We conclude the “and/or” special verdicts in this case in connection with the contractual obligations of Basinger and Mighty Wind are prejudicially ambiguous and require reversal. “And/or” as used in the special verdicts may mean Basinger only, Mighty Wind only or both Basinger and Mighty Wind. Mighty Wind is a separate corporate entity, distinct from Basinger. The record does not disclose whether Basinger is the sole shareholder of Mighty Wind or an officer or director of the corporation. In the absence of alter ego findings, Mighty Wind and Basinger are not synonymous. Unless Mighty Wind is the alter ego of Basinger, she is not liable for the corporate obligations.
Although there is substantial evidence to support findings that both Basinger and Mighty Wind entered into and breached an oral contract with Main Line, the facts do not compel only this conclusion.7 The jury could have concluded that the contract was entered into only with Mighty Wind. Discussions took place at Mighty Wind's offices and the parties discussed that the agreement would be between Main Line and Mighty Wind. The written, but unexecuted agreements, contemplate an agreement with the corporation only. The “deal memos” evidenced an intent that the contract be entered into with Mighty Wind. The execution copy of the Acting Service Agreement called for the corporation to enter into the agreement; the signature line specified “Mighty Wind Productions, Inc. By Kim Basinger,” an agent designation. No individual signature line was provided for Basinger. The record also includes the separate Inducement, which was apparently to be signed by Basinger individually. However, the Inducement is a separate contract in the nature of a personal guarantee and the record contains no testimony concerning the Inducement. There is no evidence concerning the custom in the industry with regard to Inducements. Neither the Acting Service Agreement nor the Producer's Standard Terms and Conditions makes reference to the Inducement.
The jury could also have concluded that the contract was entered into only with Basinger. Basinger personally discussed the project with Lynch; she gave her agents the authority to bind her in a contract; the parties consistently referred to Basinger's performance; and the written documents always included Basinger's personal obligations.

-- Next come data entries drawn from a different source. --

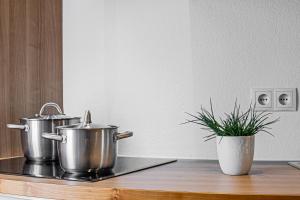 Apartment Dolomites Nest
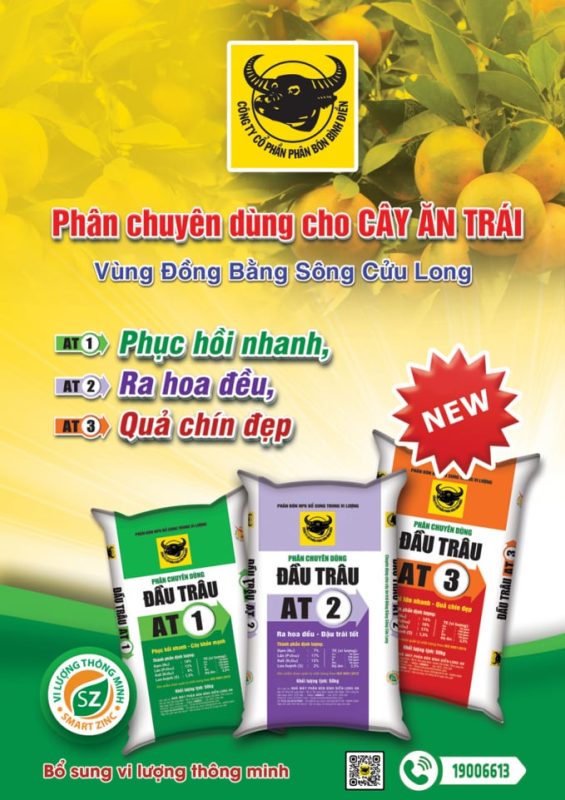 Trồng cây ăn trái trên nền đất phù sa cổ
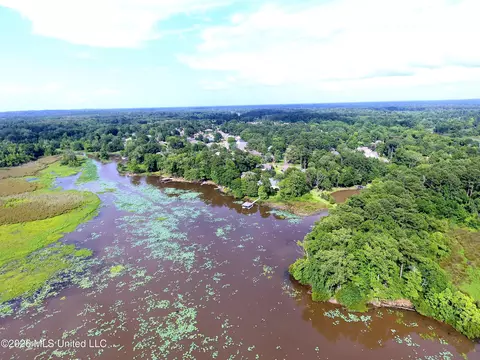 View/Area - 1109 Foxpoint, Brandon, MS 39047 photo 5 of 10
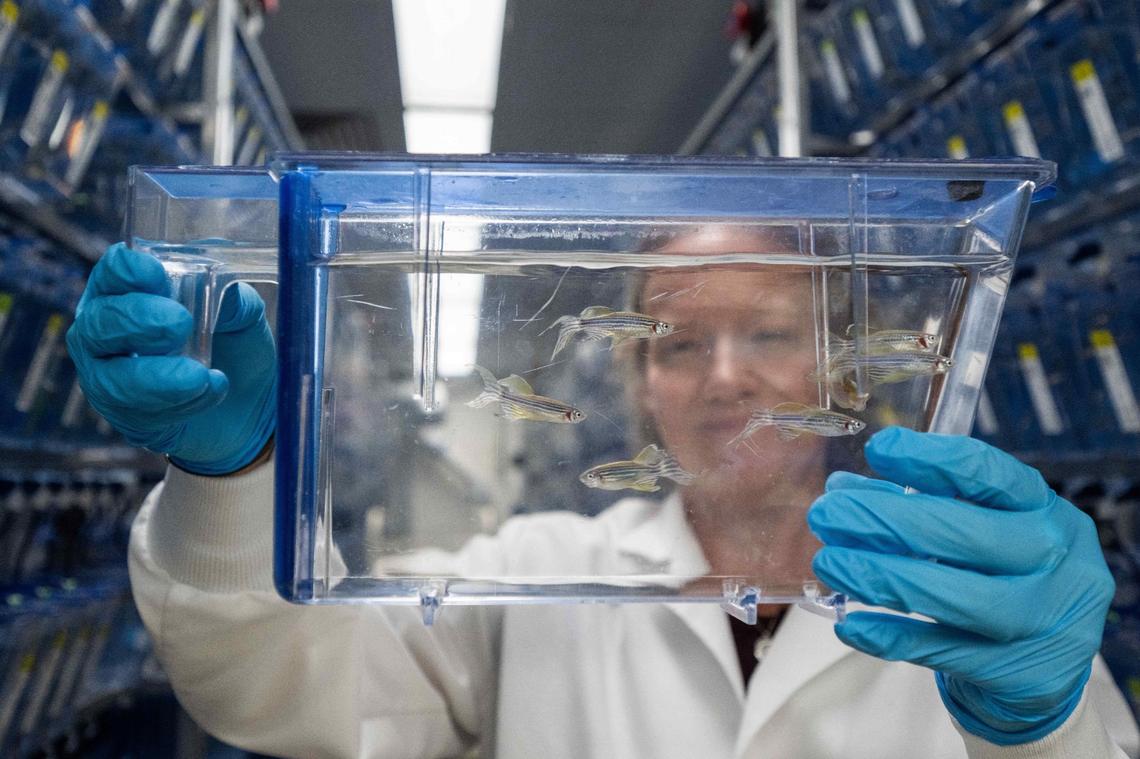 Laboratory manager Carrie Carmichael shows a tank of zebrafish in a laboratory inside the Stowers Institute for Medical Research in Kansas City on Aug 26, 2024. Zebrafish are studied here because they can regenerate their fins and hearts.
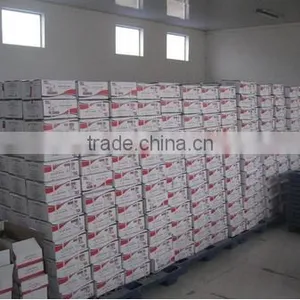 Swelling Powder Form Dried Instant and Fast Active Bakery Yeast thumbnail-5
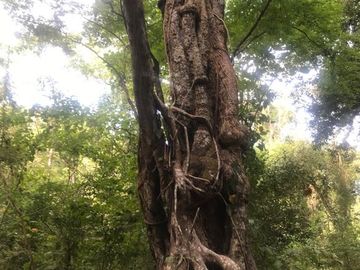 Terreno en Venta en Tomatlán, Jalisco
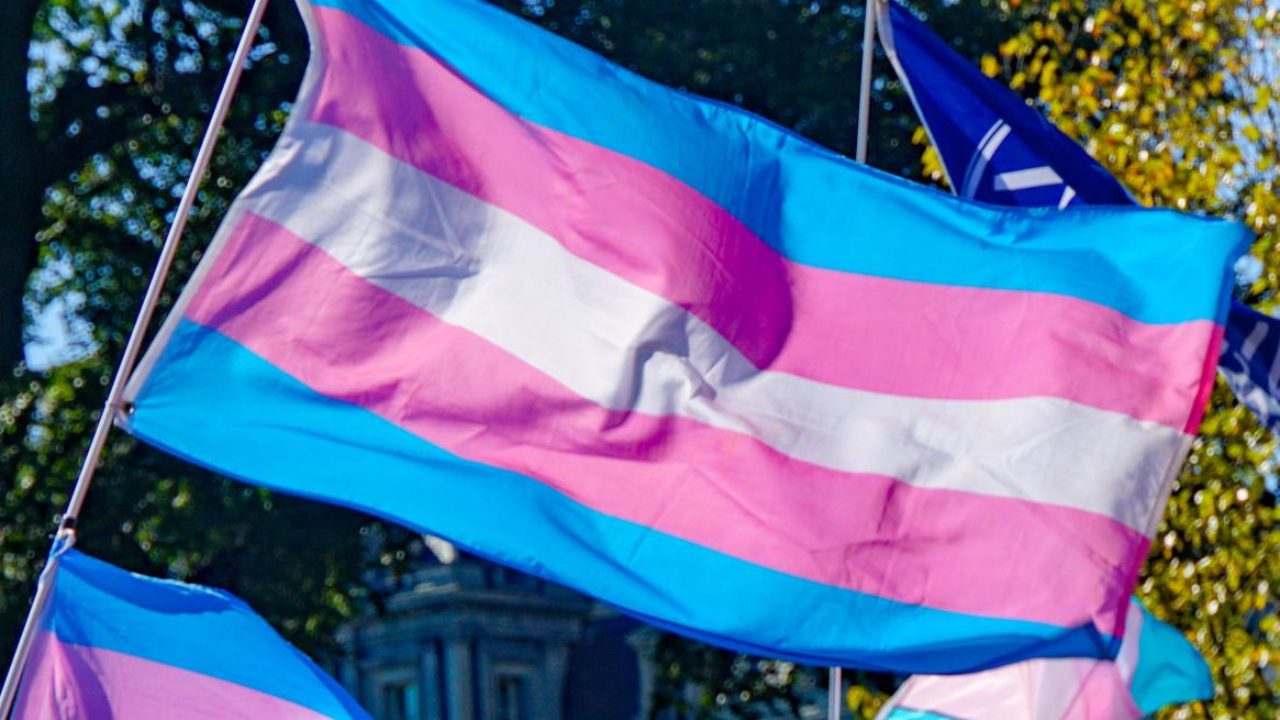 bandeira-trans emprego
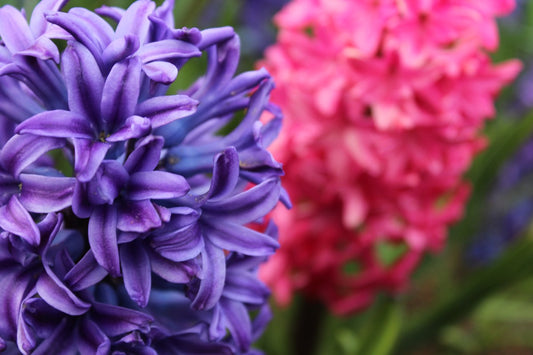 Hyacinthus Blue Jacket Jack the Grower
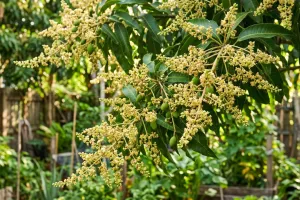 7 Cara alami bikin mangga di halaman cepat berbunga dan berbuah lebat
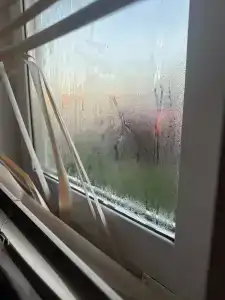 Арарат - 21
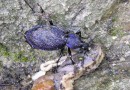 Procerus scabrosus ©  S.Beshkov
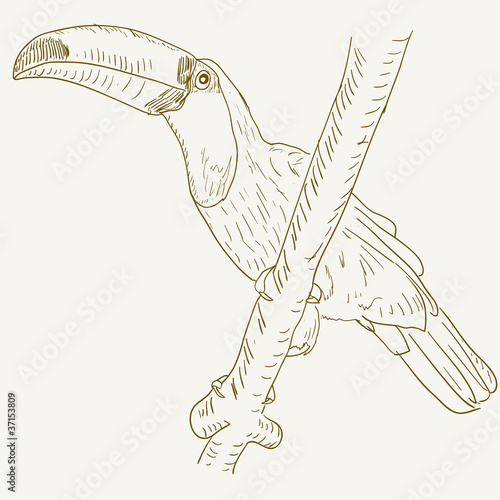 Toucan bird sitting on a tree branch.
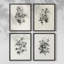 «Vintage Floral Print», impression encadrée, ensemble de 4-1451409948-1451409955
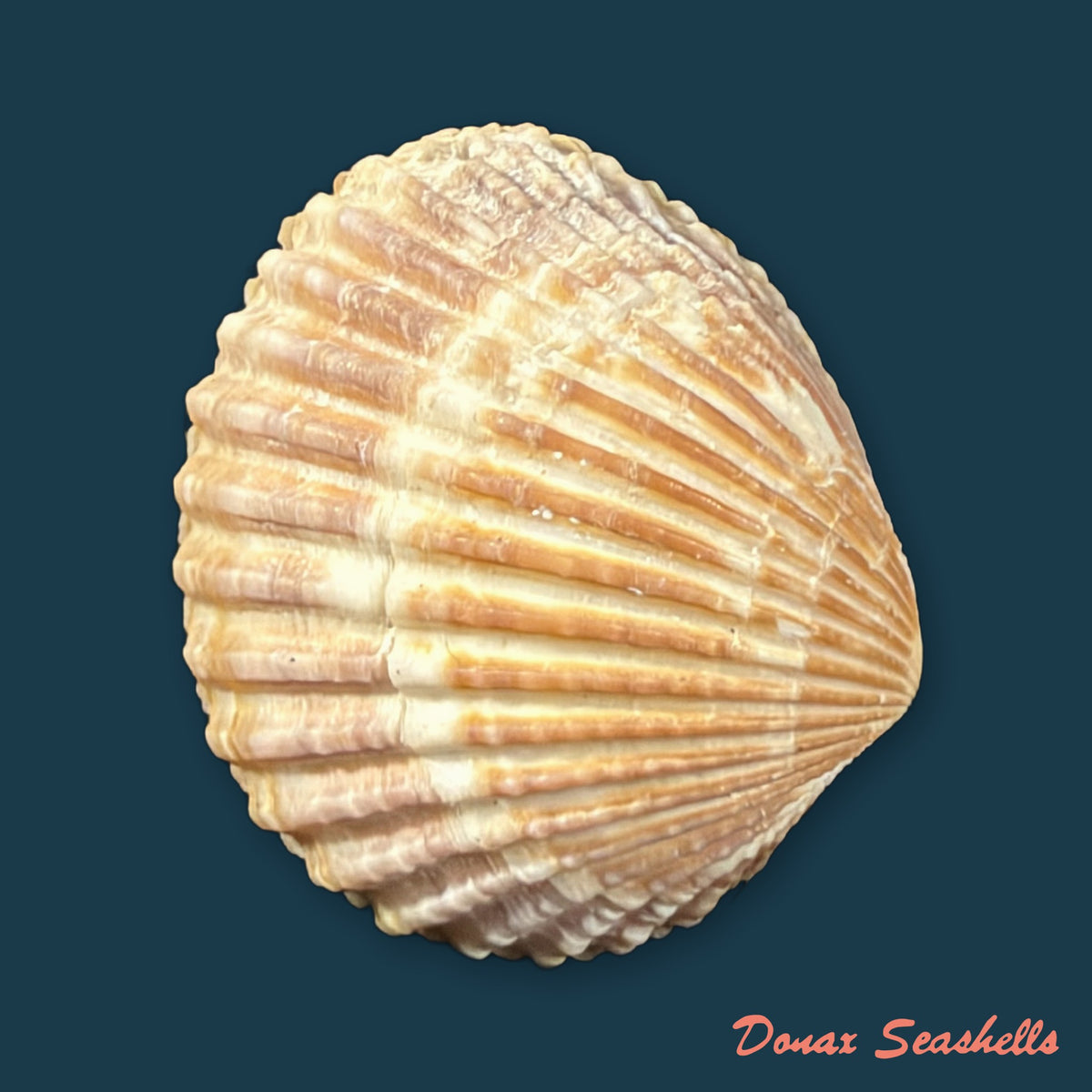 Cardiocardita ajar (Bruguière, 1792) - 26,9mm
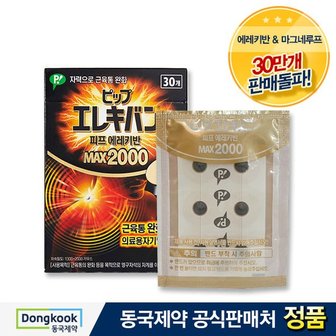 동국제약 자석파스 피프 에레키반 MAX 2000 30개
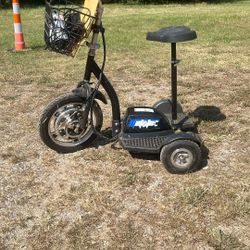 Three Wheel Scooter 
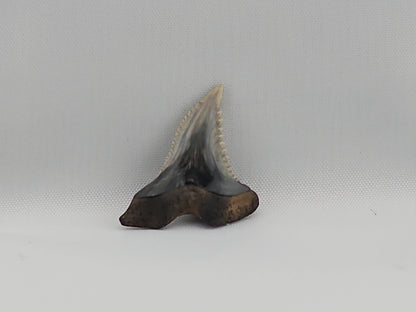 Snaggletooth Shark Top Rear Tooth ID#14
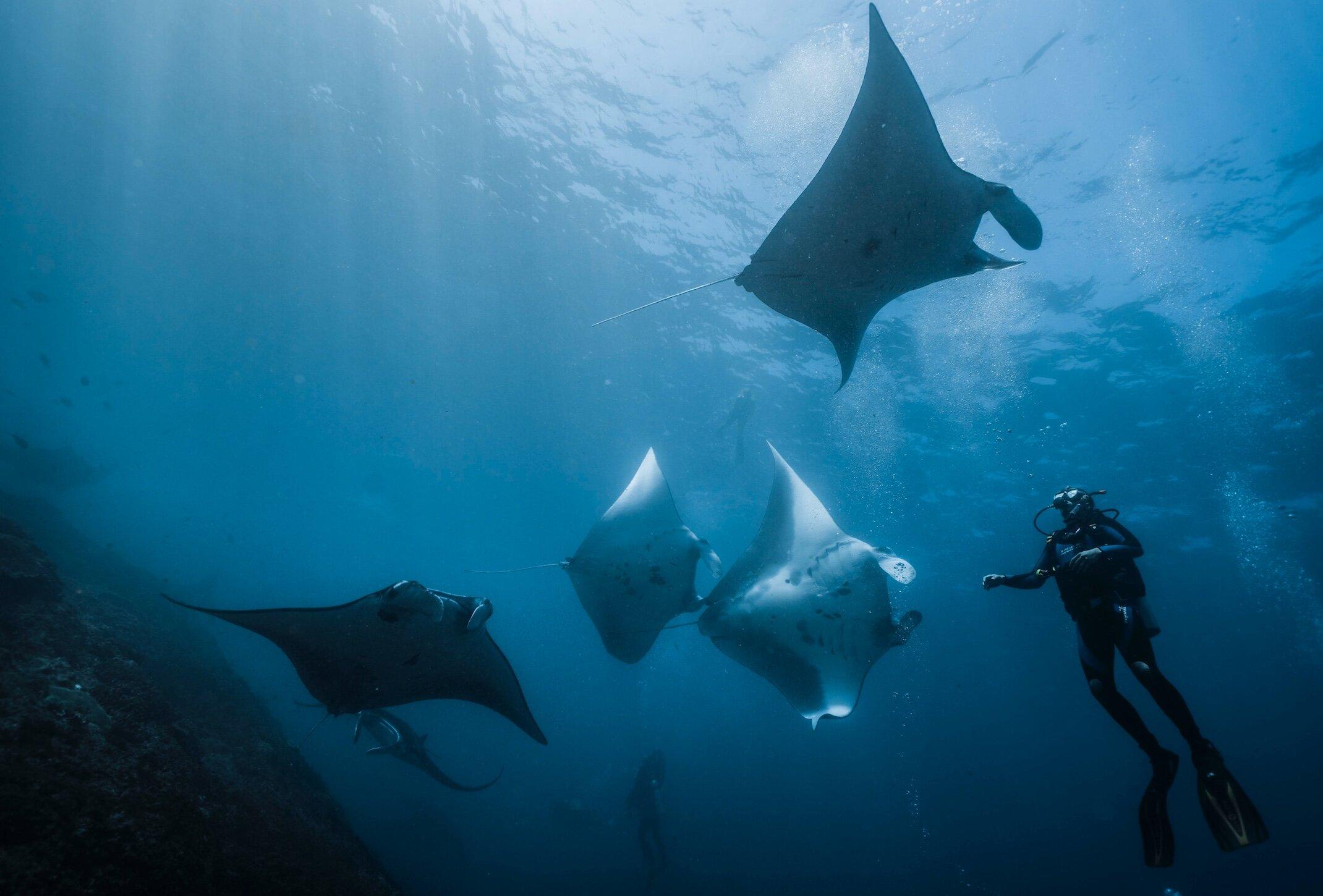 Reef manta rays gliding past a diver in the Nusa Penida Marine Park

Further, the jury could have concluded that both Basinger and Mighty Wind entered into a contract. Basinger's participation may have been on her own behalf, as well as on behalf of her corporation. The corporation may have been used by Basinger only as a tax vehicle; for purposes of this contract, she and the corporation both expected to be bound. The agreement was originally between Basinger and Main Line, and Mighty Wind may have been added as a party to the contract as an accommodation to Basinger.
The special verdicts contain no finding as to the party or parties who entered into the oral contract. The form of the special verdicts prevented the jury from performing its obligation to determine the separate existence of Mighty Wind and Basinger. On the record before us, the jury may have concluded Basinger personally entered into the contract. It also may have concluded Mighty Wind entered into the contract. In addition, the jury may have concluded that both Basinger and Mighty Wind entered into the contract. Had the jury concluded that only Mighty Wind entered into the contract, only Mighty Wind would be liable for breach of the contract. Even though the acting services were to be performed by Basinger, if the contract was only with Mighty Wind, then, when Basinger failed to perform, Main Line's remedy would be against Mighty Wind.
Although Basinger's services were key to the contract, the issue is the party or parties responsible if she fails to perform. If the contract is only with Mighty Wind, then only Mighty Wind can be liable for a breach of the contract. We cannot ascertain from the record whether the jury found that Basinger entered into the contract, Mighty Wind entered into the contract or they both entered into the contract. Thus, the jury verdicts fail to render a finding on a key factual issue, and the judgment must be reversed.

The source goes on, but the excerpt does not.